## Task to carry out
Write out every record below exactly, leaving the pictures out.

*** The input Section Begins ***

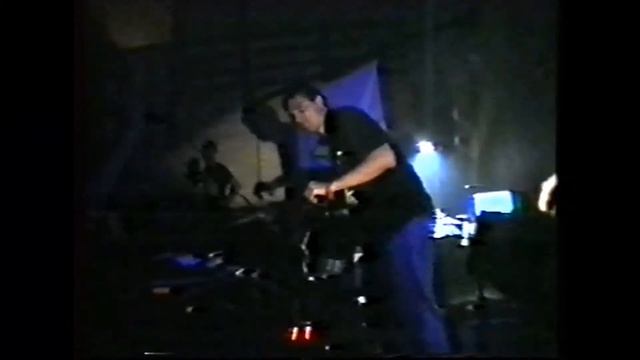 Mutagen - Threshold - Live in Winchester 1992 смотреть онлайн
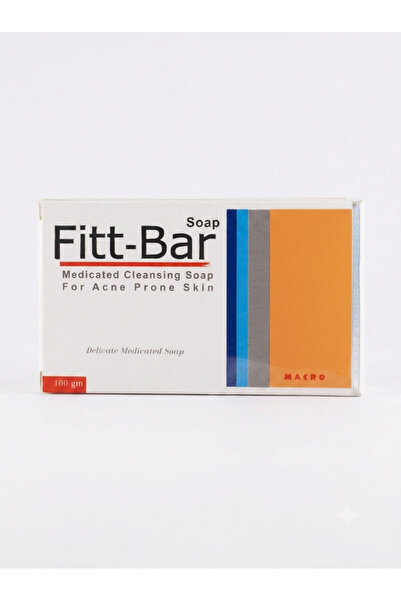 MACRO Fittbar Soap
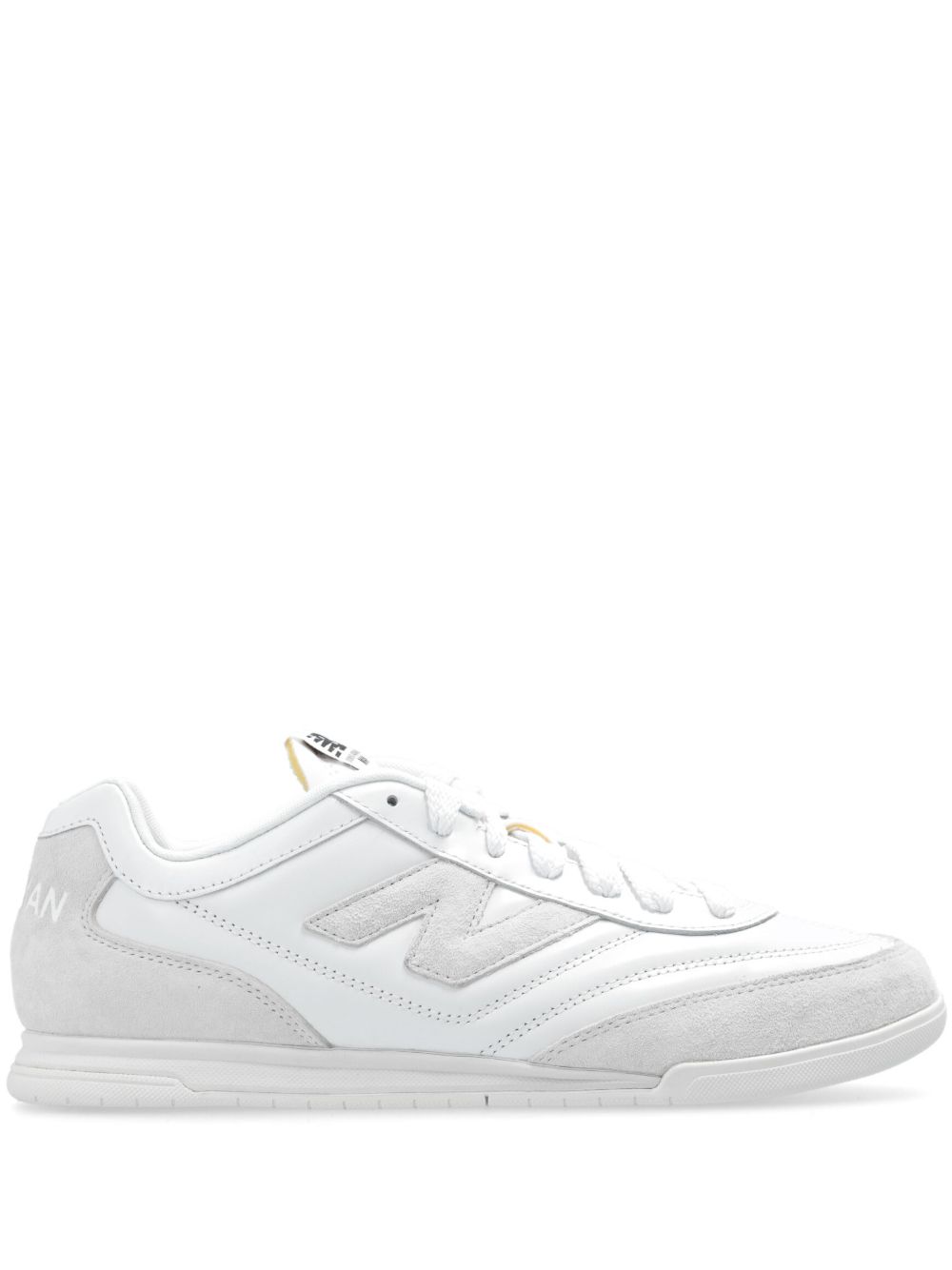 Junya Watanabe x New Balance RC42 运动鞋 - 白色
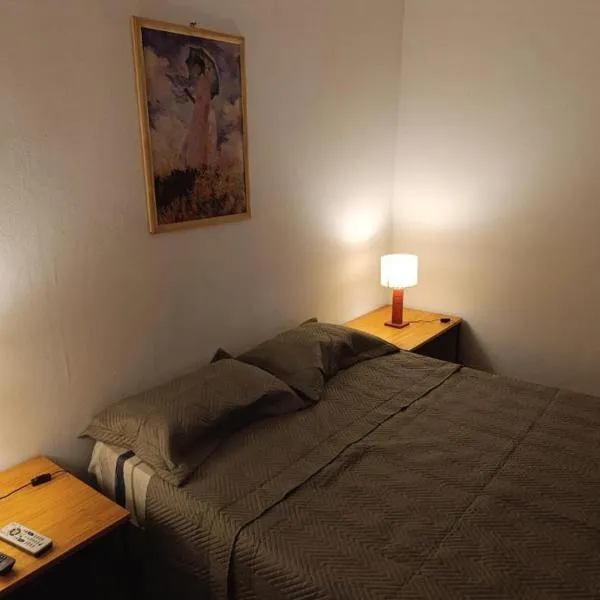 Departamento Céntrico, hotel v destinaci Oberá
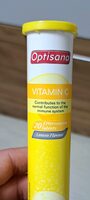 Vitamina C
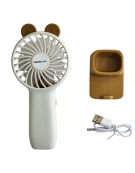 VENTILADOR MINI 03-TL672W 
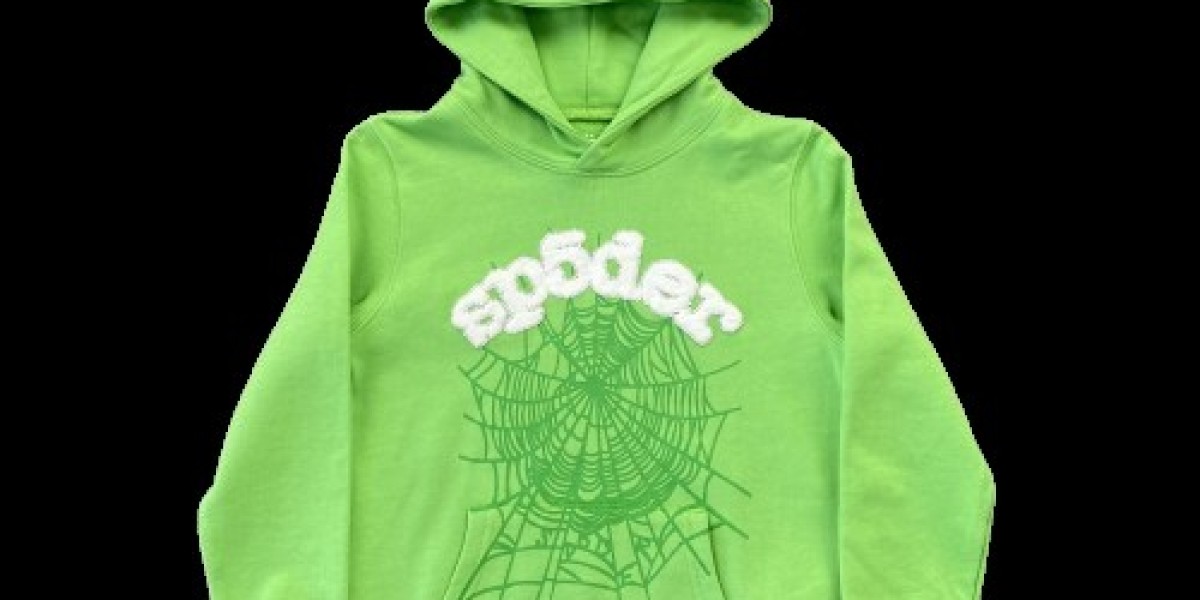 Styling Tips for Rocking the Green Spider Hoodie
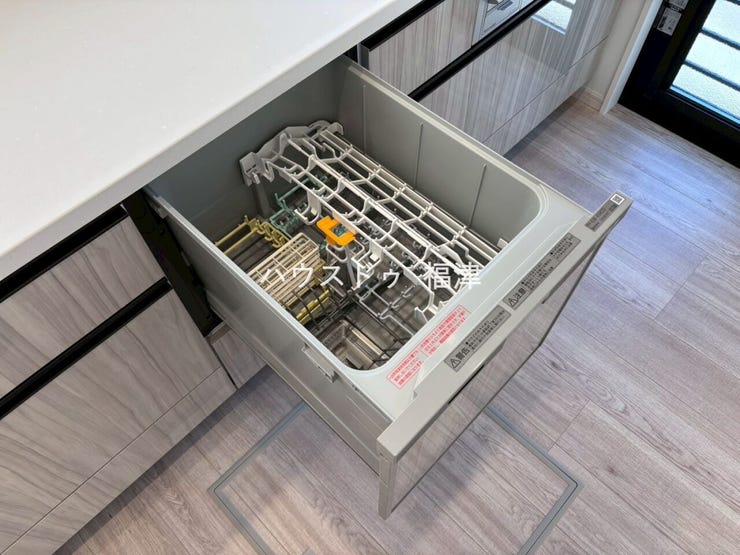 《古賀市千鳥6丁目 新築戸建て》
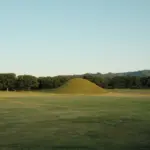 Tumbas Reales de Gyeongju
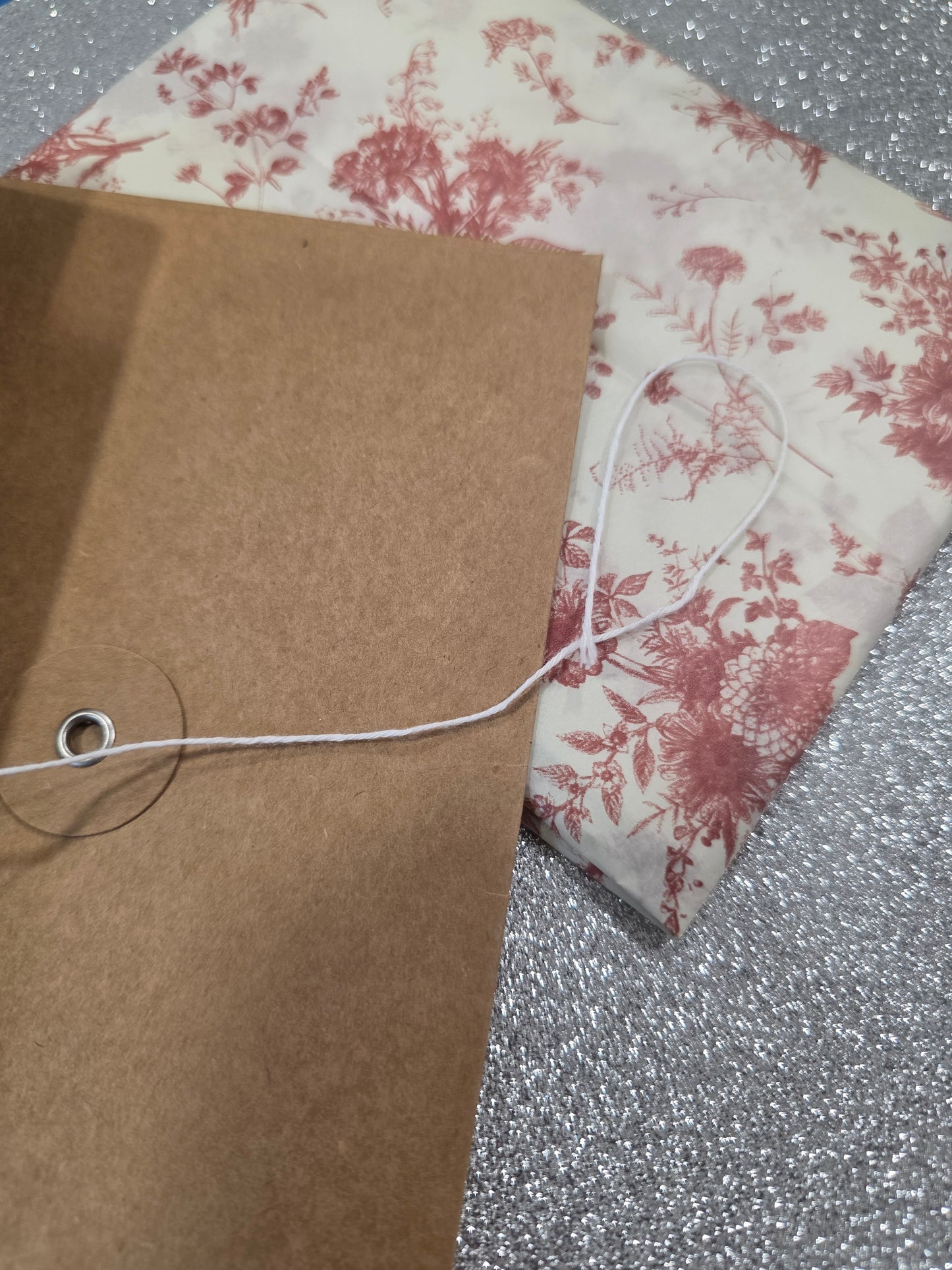 Les trésors du cœur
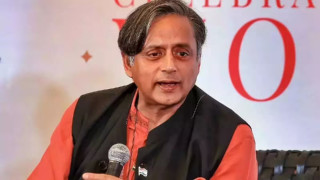 'A Deliberate Attempt to Mislead…' Shashi Tharoor Reacts to Deepfake Video Praising Pakistan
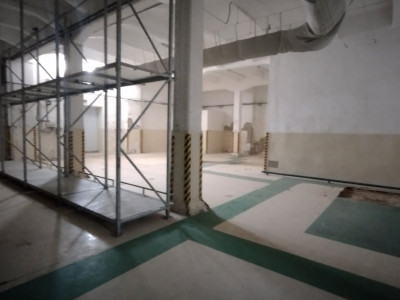 COMISION 0% Hala de productie si depozitare, corp administrativ si birouri imagine mica 40, foxfort.ro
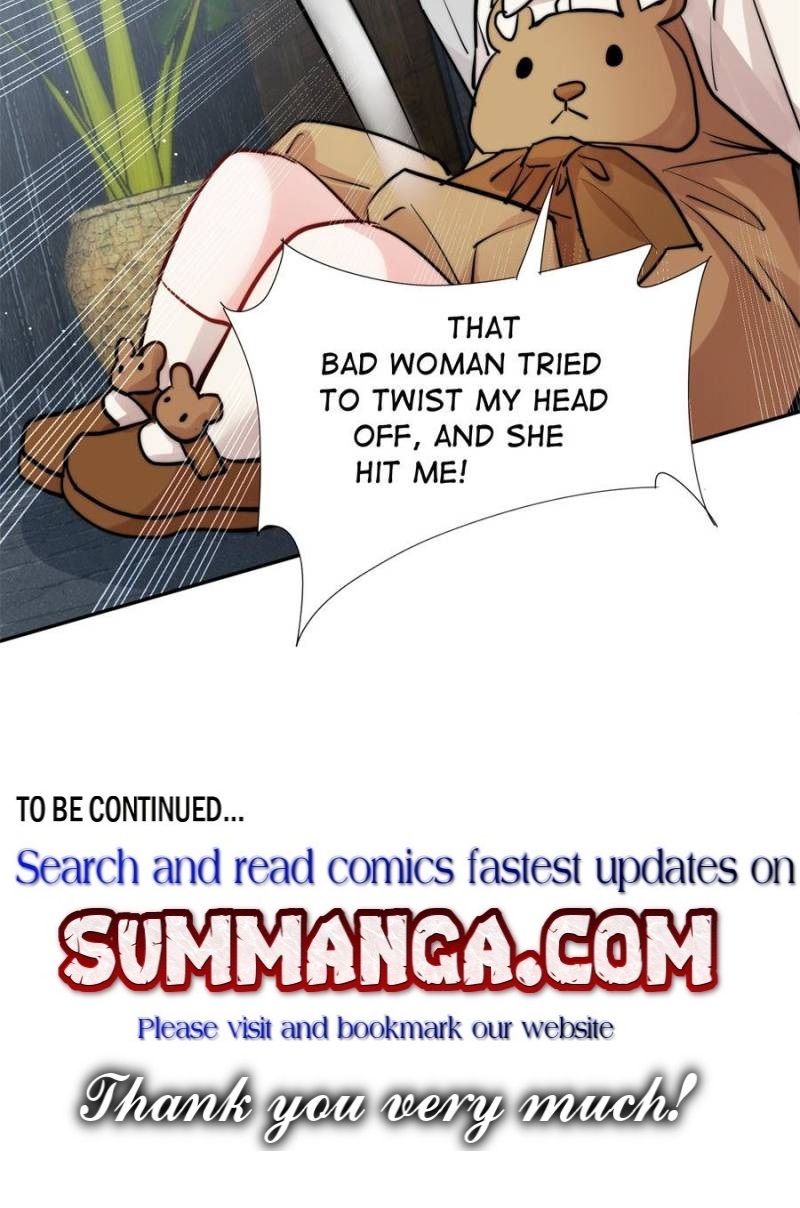 The Cold President’s Little Cutie Chapter 44 - Page 69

*** The input Section Ends ***

## Exercise response
 Mutagen - Threshold - Live in Winchester 1992 смотреть онлайн
 MACRO Fittbar Soap
 Junya Watanabe x New Balance RC42 运动鞋 - 白色
 Departamento Céntrico, hotel v destinaci Oberá
 Vitamina C
 VENTILADOR MINI 03-TL672W 
 Styling Tips for Rocking the Green Spider Hoodie
 《古賀市千鳥6丁目 新築戸建て》
 Tumbas Reales de Gyeongju
 Les trésors du cœur
 'A Deliberate Attempt to Mislead…' Shashi Tharoor Reacts to Deepfake Video Praising Pakistan
 COMISION 0% Hala de productie si depozitare, corp administrativ si birouri imagine mica 40, foxfort.ro
 The Cold President’s Little Cutie Chapter 44 - Page 69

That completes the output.